Modern x86 CPUs have the ability to support larger page sizes than the legacy 4K (ie 2MB or 4MB), and there are OS facilities (Linux, Windows) to access this functionality.

The Microsoft link above states large pages "increase the efficiency of the translation buffer, which can increase performance for frequently accessed memory". Which isn't very helpful in predicting whether large pages will improve any given situation. I'm interested in concrete, preferably quantified, examples of where moving some program logic (or a whole application) to use huge pages has resulted in some performance improvement. Anyone got any success stories ?

There's one particular case I know of myself: using huge pages can dramatically reduce the time needed to fork a large process (presumably as the number of TLB records needing copying is reduced by a factor on the order of 1000). I'm interested in whether huge pages can also be a benefit in less exotic scenarios.

+1  A: 

I've seen improvement in some HPC/Grid scenarios - specifically physics packages with very, very large models on machines with lots and lots of RAM. Also the process running the model was the only thing active on the machine. I suspect, though have not measured, that certain DB functions (e.g. bulk imports) would benefit as well.

Personally, I think that unless you have a very well profiled/understood memory access profile and it does a lot of large memory access, it is unlikely that you will see any significant improvement.

+1  A: 

I get a ~5% speedup on servers with a lot of memory (>=64GB) running big processes. e.g. for a 16GB java process, that's 4M x 4kB pages but only 4k x 4MB pages.

+1  A: 

I tried to contrive some code which would maximise thrashing of the TLB with 4k pages in order to examine the gains possible from large pages.
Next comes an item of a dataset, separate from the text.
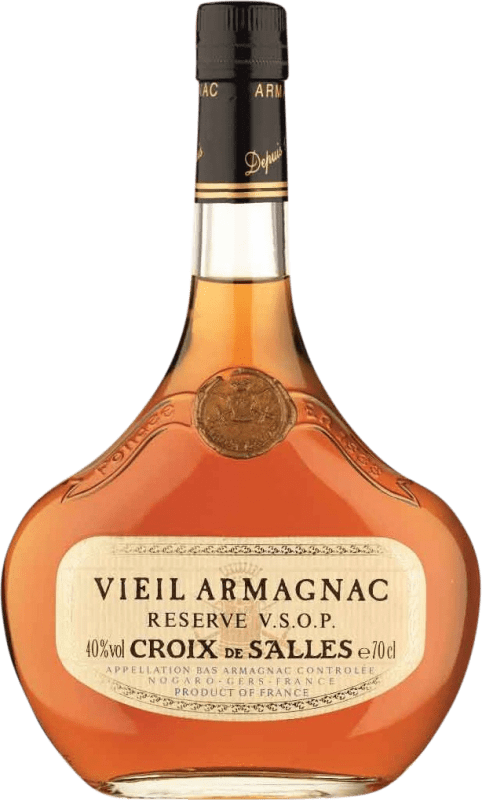 Бесплатная доставка | арманьяк Croix de Salles. Very Superior Old Pale VSOP Франция 70 cl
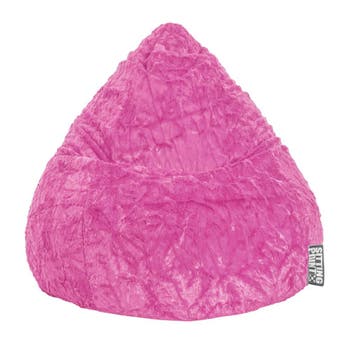 Kinder Zitzak Zitzak Fluffy L - Roze, Verzenden, Nieuw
The stuff below runs 2.6 times faster (than 4K pages) when 2MByte pages are are provided by libhugetlbfs's malloc (Intel i7, 64bit Debian Lenny ); hopefully obvious what scoped_timer and random0n do.

  volatile char force_result;

  const size_t mb=512;
  const size_t stride=4096;
  std::vector<char> src(mb<<20,0xff);
  std::vector<size_t> idx;
  for (size_t i=0;i<src.size();i+=stride) idx.push_back(i);
  random0n r0n(/*seed=*/23);

    scoped_timer t
      ("TLB thrash random",mb/static_cast<float>(stride),"MegaAccess");
    char hash=0;
    for (size_t i=0;i<idx.size();++i) 

A simpler "straight line" version with just hash=hash^src[i] only gained 16% from large pages, but (wild speculation) Intel's fancy prefetching hardware may be helping the 4K case when accesses are predictable (I suppose I could disable prefetching to investigate whether that's true).